C'est pourquoi, Monsieur et Madame les Ministres, je formule ici un appel solennel du Gouvernement que ce décret d'application de l'article 31 soit publié dans les plus brefs délais, afin que les acheteurs publics disposent enfin du cadre clair et opérationnel que le Parlement a voulu.


Il n'y a pas que dans notre pays que les lois adoptées mettent autant de temps à être appliquées. Pardonnez-moi de vous le dire de bout en blanc, mais nous sommes en guerre économique. Chaque jour compte, c'est pourquoi je porterai un amendement simple sur l'entrée en vigueur du dispositif l'année suivante à la promulgation de la loi.


Cette entrée en vigueur un an après la promulgation de cette loi, justifiée par l'urgence croissante en matière de souveraineté numérique face à la multiplication des cyberattaques et au risque d'ingérence étrangère touchant les collectivités.


Depuis 2024, le marché français et européen du Cloud souverain a atteint un niveau de maturité suffisant pour répondre aux besoins des grandes collectivités, d'autant que le dispositif ne concerne que les données sensibles et prévoit des dérogations en cas de contraintes particulières.


Mes chers Collègues, vous l'aurez compris, ce texte est une évolution de bon sens, une nécessité de souveraineté, la sagesse populaire dit : nécessité fait loi. C'est le cas aujourd'hui.


Je vous invite donc, après débat, à l'adopter avec conviction pour que la commande publique soit enfin pleinement au service de notre souveraineté numérique.


Je vous remercie.



Vanina Paoli-Gagin (Orateur) - Discussion générale



SEUL LE PRONONCÉ FAIT FOI


Madame la Présidente,

Madame la ministre,

Monsieur le ministre,

Madame la rapporteure,

Mes chers Collègues,


Arrive un moment où un pays doit regarder en face les vulnérabilités qui fragilisent sa souveraineté, et choisir d’y remédier. C’est tout l’objet du texte que nous examinons aujourd’hui : affirmer que la maîtrise de nos infrastructures numériques critiques n’est plus une option, mais une condition essentielle de notre indépendance.


Les travaux de la commission d’enquête, initiée par le groupe des Indépendants, ont mis en lumière une réalité que nul ne peut ignorer : l’immense majorité du stockage en nuage utilisé en Europe repose sur quelques acteurs, qui peuvent se trouver contraints, par application extraterritoriale de lois étrangères, à remettre des données, souvent exploitées à des fins d’intelligence économique.


Autrement dit : même si nos administrations font héberger leurs données dans l’Union européenne, y compris sous label SecNumCloud, elles ne sont pas pleinement à l’abri.
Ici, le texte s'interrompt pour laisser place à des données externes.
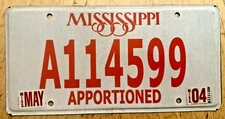 2004 MISSISSIPPI APPORTIONED SEMI IRP PRO RATE LICENSE PLATE " A 114599 " MS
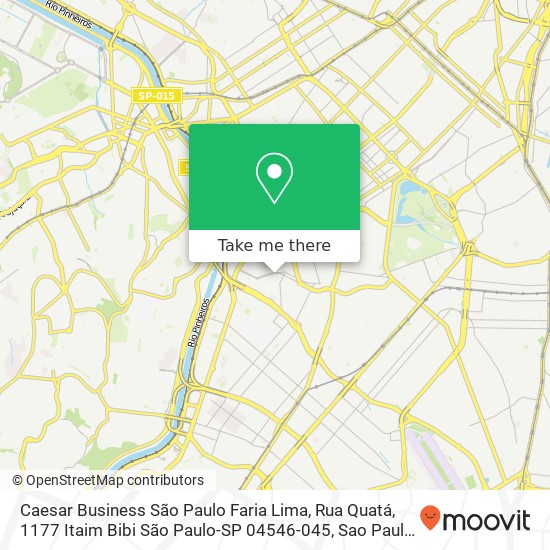 Mapa Caesar Business São Paulo Faria Lima, Rua Quatá, 1177 Itaim Bibi São Paulo-SP 04546-045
Qui pourrait considérer cette situation acceptable celles de nos données les plus critiques ? La protection de ces dernières est un impératif démocratique, et la vigilance numérique un pilier de notre souveraineté.


Nous connaissons le contexte actuel : multiplication des cyberattaques, durcissement des tensions internationales, guerre cognitive, extension du domaine de l’extraterritorialité …
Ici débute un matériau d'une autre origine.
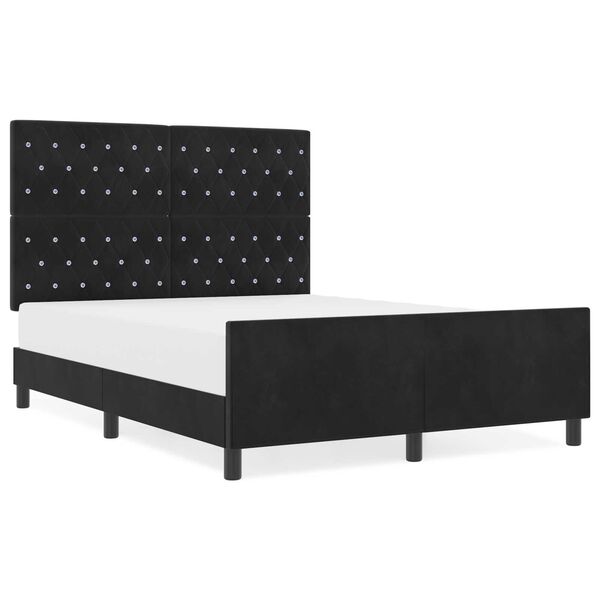vidaXL Κρεβάτι Μαύρο 160x200 εκ Βελούδο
La donnée publique est un actif à haute valeur ajoutée, et un enjeu stratégique majeur, dual par nature de surcroît ; comme l’atteste le fait qu’elle est la cible privilégiée des acteurs malveillants.


Certes, la loi SREN ou la doctrine « cloud au centre » ont posé les premiers jalons essentiels. Mais elles ne couvrent pas l’ensemble des situations et restent imparfaitement appliquées, faute d’entrée en vigueur de décrets d’application, dont certains sont attendus depuis plus d’un an. Ce sont ces zones grises que notre proposition de loi se propose de couvrir.


Ainsi, pour les marchés publics qui touchent à l’hébergement ou au traitement de données sensibles, les prestataires garantiront un hébergement intra-communautaire, et cumulativement, et une protection contre toute application de normes extraterritoriales étrangères.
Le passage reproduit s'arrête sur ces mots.